Его коллекция была не в коробке. Его коллекция была в его голове. И она всегда будет с ним.

Он закрыл глаза и увидел свою мать. Она улыбалась ему. Она протягивала ему руку.

– Все будет хорошо, Элиас, – сказала она. – Я всегда буду рядом с тобой.

Он улыбнулся в ответ. Он знал, что она всегда будет с ним.

Он был не один. Он был со своей коллекцией.

И он был с ней до конца.

Внутренний монолог Элиаса:

“Они забрали у меня все. Свободу. Коллекцию. Жизнь. Но они не могут забрать у меня память. Они не могут забрать у меня мои экспонаты.

Я помню каждую деталь. Каждую жертву. Каждого экспоната. Я помню запах крови, крики страха, взгляд смерти. Я помню свои чувства, свою радость, свое удовлетворение.

Они думают, что они победили. Но они ошибаются. Они не понимают, что я всегда буду с ними. Я всегда буду в их головах. Я всегда буду их кошмаром.

Я больше не невидимка. Я больше не тень. Я – убийца. И это моя судьба.

Я не жалею ни о чем. Я сделал то, что хотел. Я получил то, что хотел. Я был собой.

И я горжусь этим.

Я жду суд. Жду приговор. Но я не боюсь смерти. Я боюсь забвения.

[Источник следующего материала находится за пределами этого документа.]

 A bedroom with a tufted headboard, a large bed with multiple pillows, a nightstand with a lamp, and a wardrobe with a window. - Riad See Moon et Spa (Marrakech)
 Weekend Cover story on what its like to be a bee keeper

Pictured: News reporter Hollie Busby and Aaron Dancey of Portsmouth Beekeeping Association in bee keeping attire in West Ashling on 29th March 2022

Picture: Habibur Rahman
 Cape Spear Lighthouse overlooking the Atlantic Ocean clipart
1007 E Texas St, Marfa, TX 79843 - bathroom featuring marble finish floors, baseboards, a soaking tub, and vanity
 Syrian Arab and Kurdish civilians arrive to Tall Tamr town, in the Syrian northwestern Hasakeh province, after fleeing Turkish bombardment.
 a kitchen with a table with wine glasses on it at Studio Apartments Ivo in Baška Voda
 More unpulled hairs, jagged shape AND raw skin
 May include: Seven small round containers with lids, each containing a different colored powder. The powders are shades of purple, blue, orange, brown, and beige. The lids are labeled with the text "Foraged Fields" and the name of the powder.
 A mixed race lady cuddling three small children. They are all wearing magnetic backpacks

Я хочу, чтобы меня помнили. Я хочу, чтобы обо мне говорили. Я хочу, чтобы обо мне знали.

Я – коллекционер. И я останусь им навсегда.

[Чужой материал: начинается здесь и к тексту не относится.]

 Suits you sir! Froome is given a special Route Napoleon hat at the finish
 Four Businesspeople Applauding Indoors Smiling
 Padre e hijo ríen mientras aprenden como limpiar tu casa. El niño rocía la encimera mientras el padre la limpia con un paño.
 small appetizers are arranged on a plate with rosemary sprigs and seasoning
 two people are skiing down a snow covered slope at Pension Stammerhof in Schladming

– Они заберут и это, Элиас, – прошептал в его голове голос матери.

– Что заберут? – спросил он в ответ.

– Твои мысли. Твои воспоминания. Все. Они заставят тебя забыть.

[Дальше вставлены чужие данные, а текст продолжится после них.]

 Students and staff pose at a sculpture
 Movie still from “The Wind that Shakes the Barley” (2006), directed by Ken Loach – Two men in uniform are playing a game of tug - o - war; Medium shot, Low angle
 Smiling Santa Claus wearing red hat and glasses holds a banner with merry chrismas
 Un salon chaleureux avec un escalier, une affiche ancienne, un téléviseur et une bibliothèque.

– Нет, мама, – сказал Элиас. – Я не позволю им. Я сохраню все. Для тебя.

Он закрыл глаза и увидел свою коллекцию. Он увидел заколку, галстук, фотографии. Он увидел свои экспонаты.

Он улыбнулся. Он был не один.

Он был с ними. И они были с ним.


Второй трофей


Тюремные стены давили на Элиаса. Серые, безликие, они стали отражением его внутреннего состояния. Дни тянулись мучительно медленно, наполненные однообразием и ожиданием суда. Он был один в камере, в компании лишь собственных мыслей и страхов. Другие заключенные сторонились его, чувствуя исходящую от него ауру безумия и отчаяния. Он был для них чужаком, изгоем, человеком, сломавшим все правила.

Адвокат навещал его редко, лишь для того, чтобы сообщить о ходе дела и напомнить о необходимости сотрудничать со следствием. Но Элиас уже махнул на все рукой. Он знал, что его ждет, и не питал никаких иллюзий.

Ночью ему снились кошмары. Ему снились его жертвы, их лица, их крики. Ему снились его экспонаты, сломанные и окровавленные. Ему снилась его мать, которая укоризненно смотрела на него.